■ **Directions**
A word-for-word copy is needed of the line containing "Трувор Прихожая 195, цвет" and every line after it through the end of the records below, leaving out all pictures.

■ **Source data**
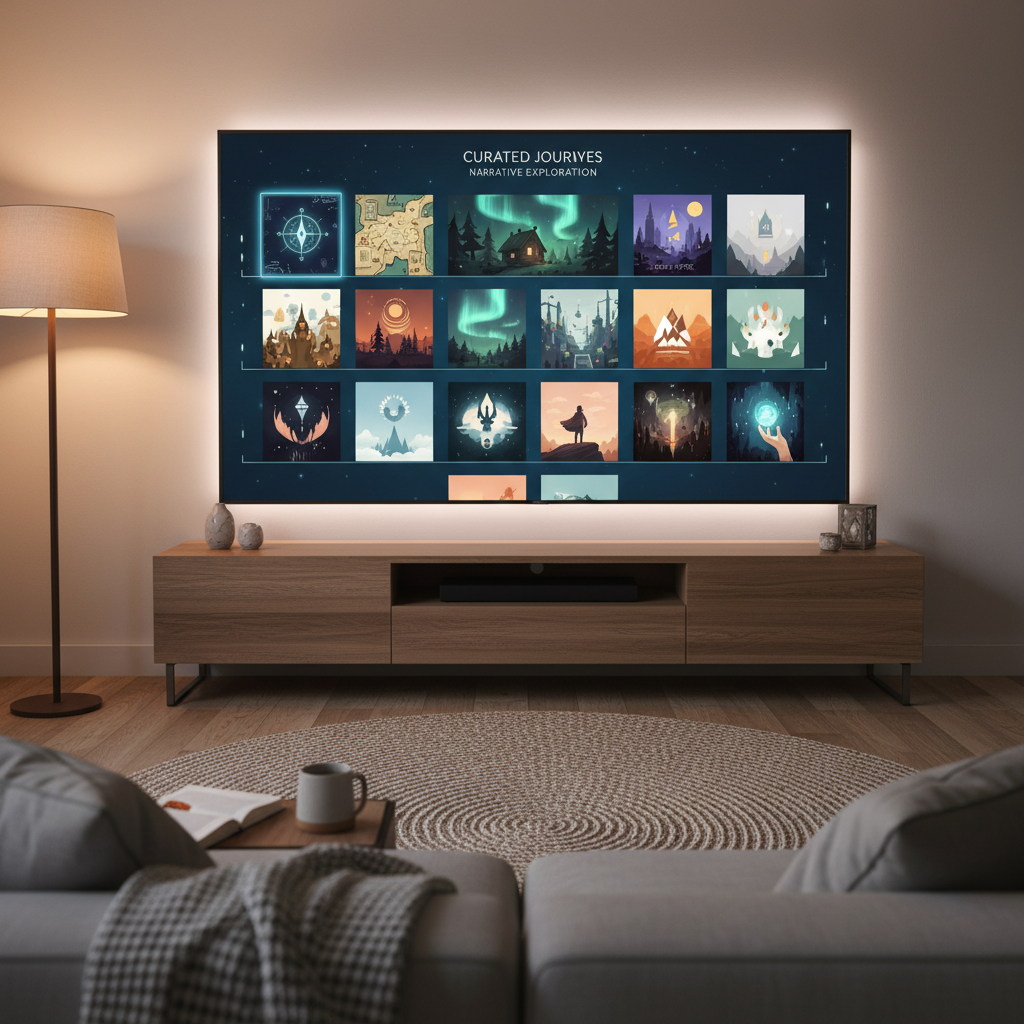 Curated selection of narrative exploration games shown as a modern library shelf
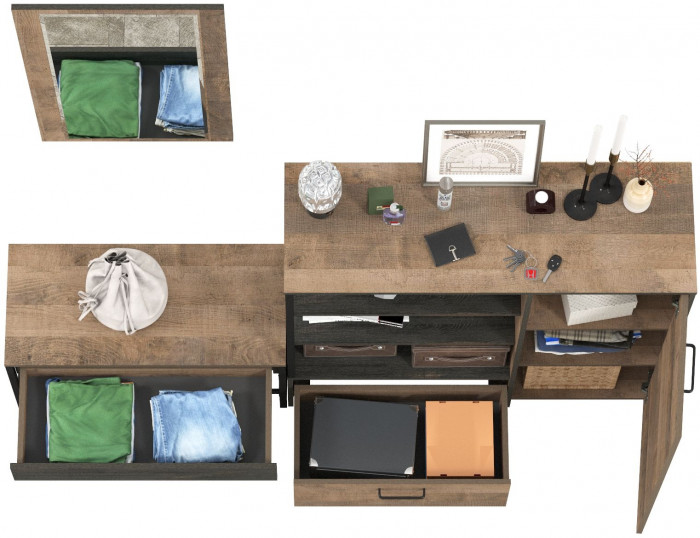 Трувор Прихожая 195, цвет дуб гранж песочный/интра, ШхГхВ 189х36,9х195 см., универсальная сборка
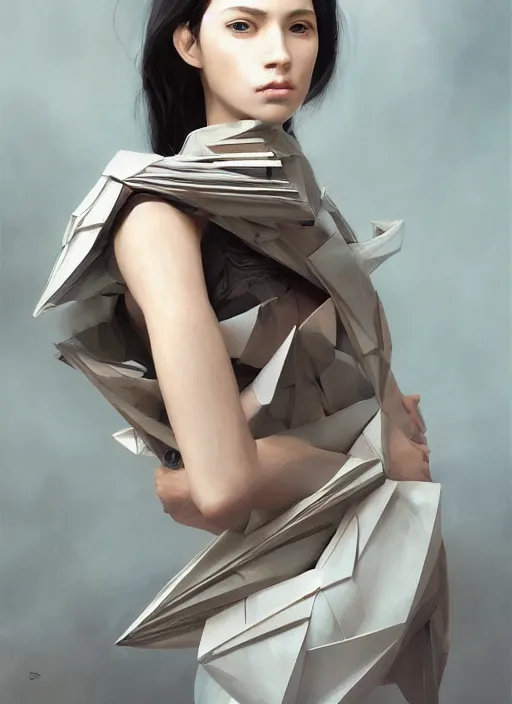 Image similar to a professional painting of a beautiful young female, wearing an origami kimono, olive skin, long dark hair, beautiful bone structure, symmetrical facial features, intricate, elegant, digital painting, concept art, smooth, sharp focus, illustration, from Metal Gear, by Ruan Jia and Mandy Jurgens and Artgerm and William-Adolphe Bouguerea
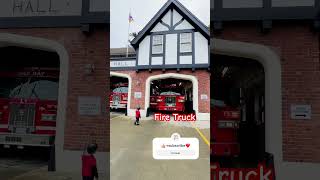 2 yr old at Oak Bay Victoria Fire Department Red Fire Trucks Red Fire Engine Lights fire fun [upl. by Nbi]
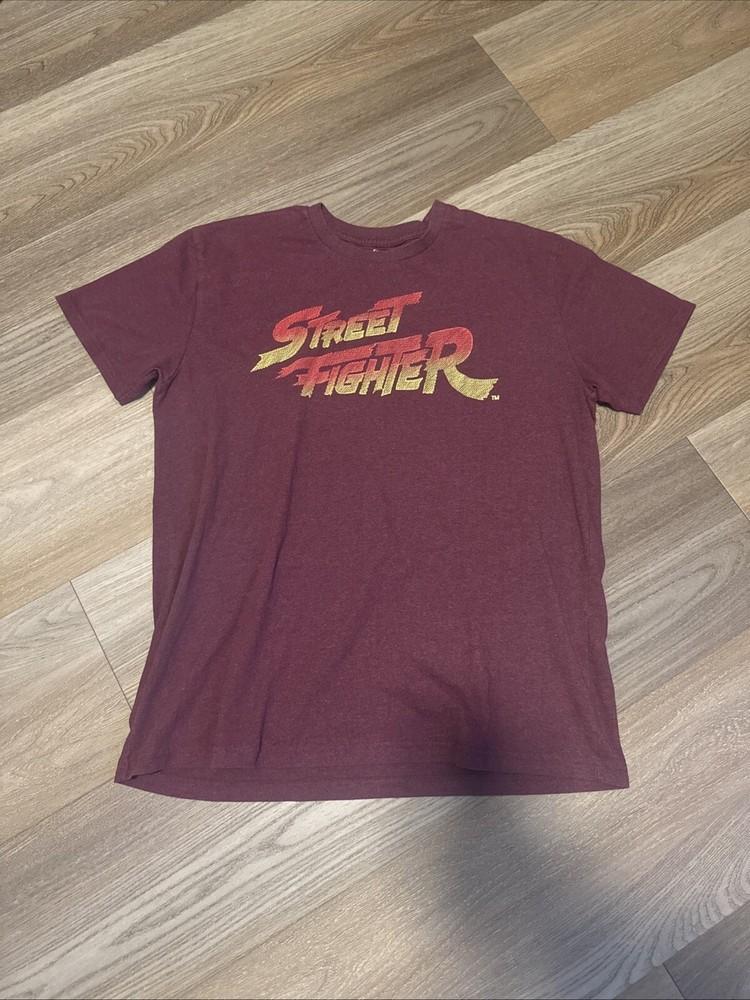 Retro Street Fighter Graphic Tee Burgundy Red Men’s XL Unisex T-Shirt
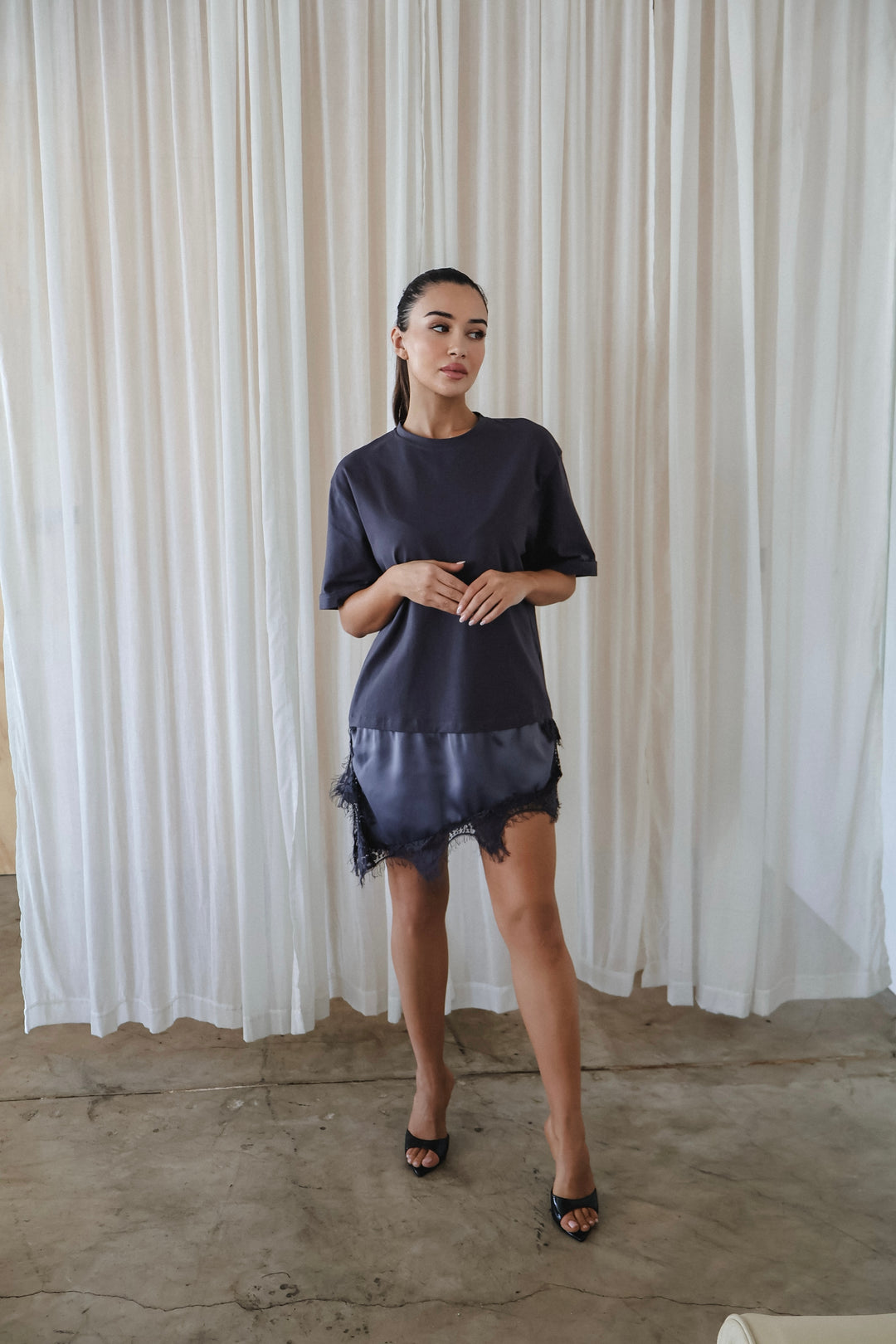 Vivi Lace + Satin T-Shirt Dress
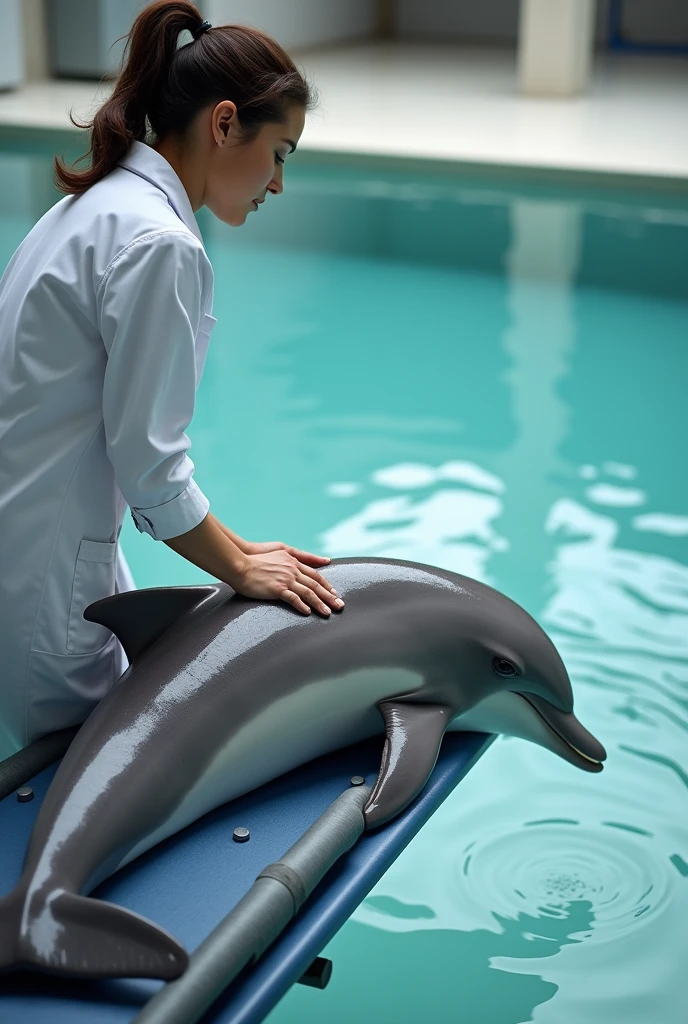 A dolphin on a stretcher receiving a back massage from a physiotherapist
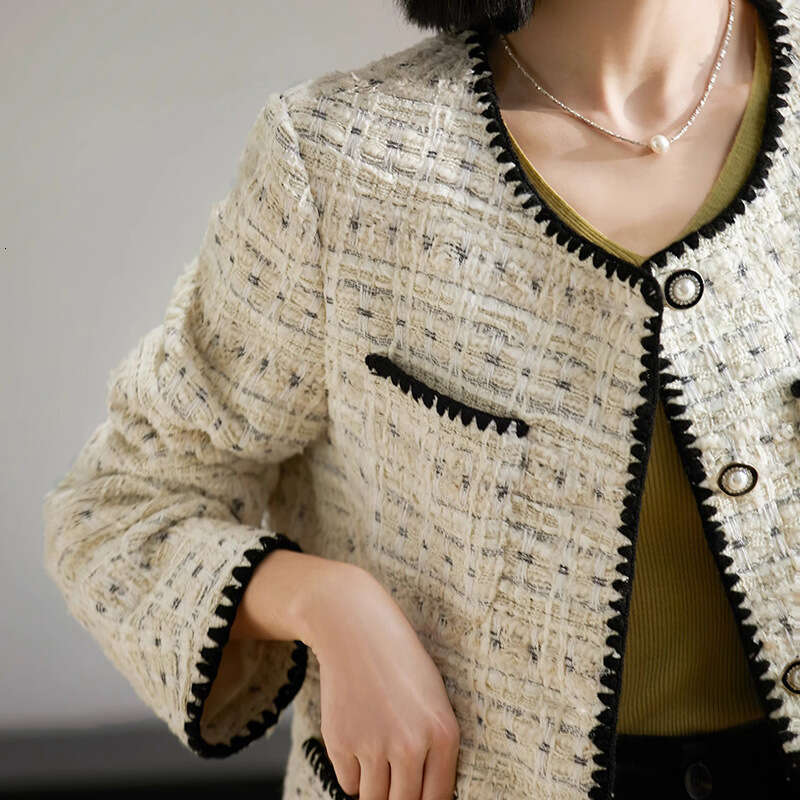 High-End Color-Block And Autumn White Tweed Short Jacket Women's Spring New Style B5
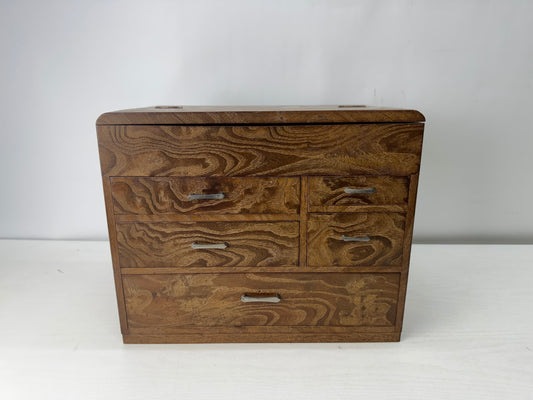 Y10006 TANSU Mulberry wood small drawer chest sewing box Japan antique storage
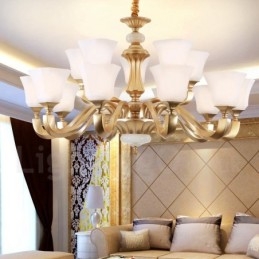 Candelabru rustic tradițional retro cu 15 lumini cu abajur din sticlă
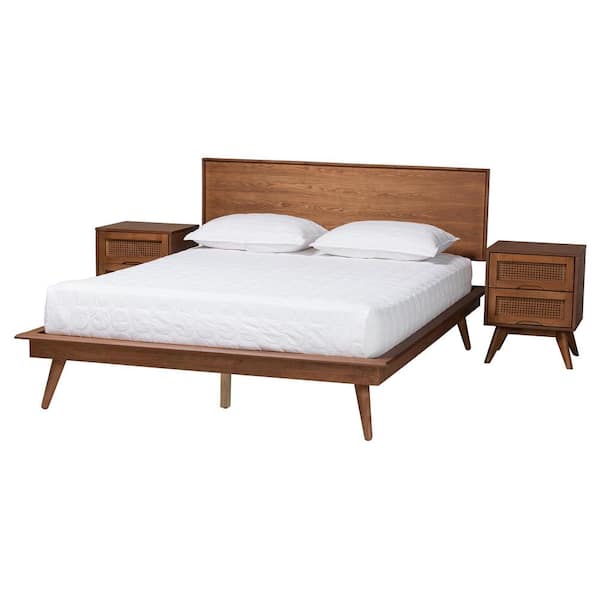 Baxton Studio Melora 3 Piece Walnut Brown Wood Full Bedroom Set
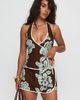 Princess Polly Lower Impact Anyah Halter Wrap Top Brown / Blue - 1
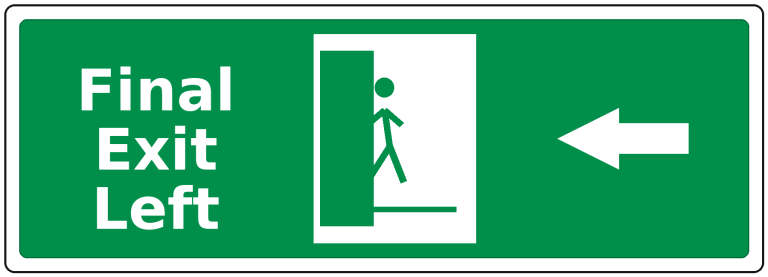Final Exit Left landscape fire safety sticker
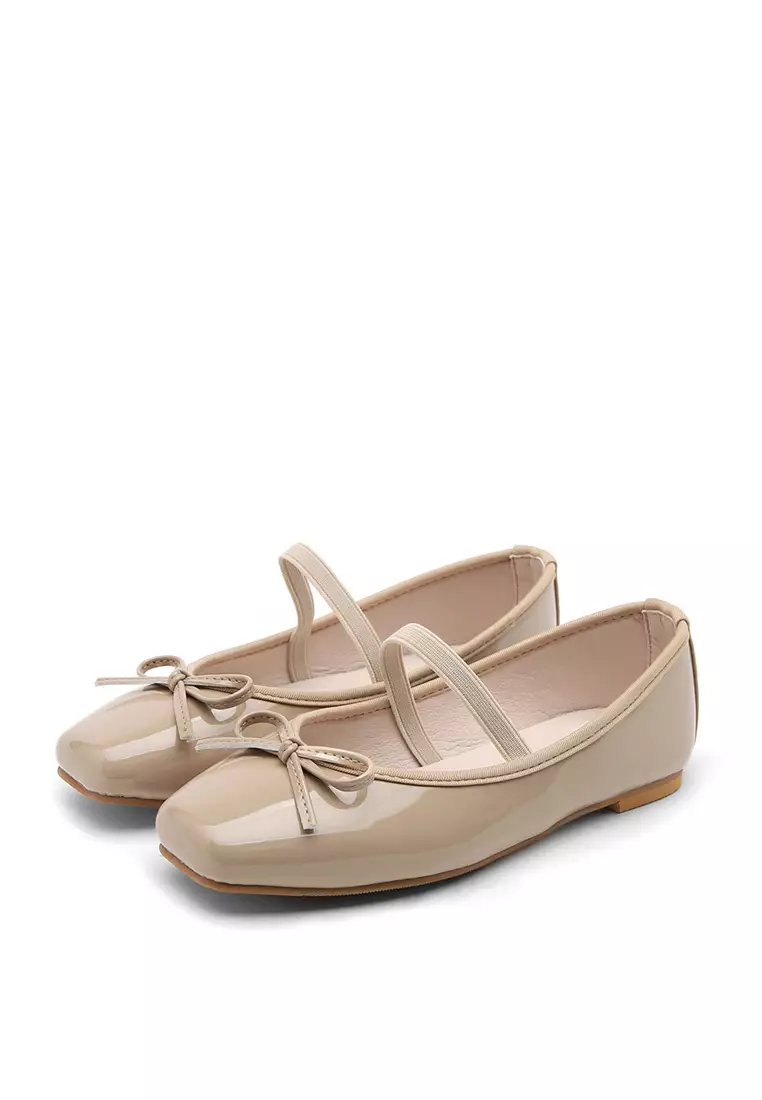 Erino Enamel Ribbon Maryjane Flats (1cm) - Beige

■ **Completed task**
 Трувор Прихожая 195, цвет дуб гранж песочный/интра, ШхГхВ 189х36,9х195 см., универсальная сборка
 Image similar to a professional painting of a beautiful young female, wearing an origami kimono, olive skin, long dark hair, beautiful bone structure, symmetrical facial features, intricate, elegant, digital painting, concept art, smooth, sharp focus, illustration, from Metal Gear, by Ruan Jia and Mandy Jurgens and Artgerm and William-Adolphe Bouguerea
 2 yr old at Oak Bay Victoria Fire Department Red Fire Trucks Red Fire Engine Lights fire fun [upl. by Nbi]
 Retro Street Fighter Graphic Tee Burgundy Red Men’s XL Unisex T-Shirt
 Vivi Lace + Satin T-Shirt Dress
 A dolphin on a stretcher receiving a back massage from a physiotherapist
 High-End Color-Block And Autumn White Tweed Short Jacket Women's Spring New Style B5
 Y10006 TANSU Mulberry wood small drawer chest sewing box Japan antique storage
 Candelabru rustic tradițional retro cu 15 lumini cu abajur din sticlă
 Baxton Studio Melora 3 Piece Walnut Brown Wood Full Bedroom Set
 Princess Polly Lower Impact Anyah Halter Wrap Top Brown / Blue - 1
Final Exit Left landscape fire safety sticker
 Erino Enamel Ribbon Maryjane Flats (1cm) - Beige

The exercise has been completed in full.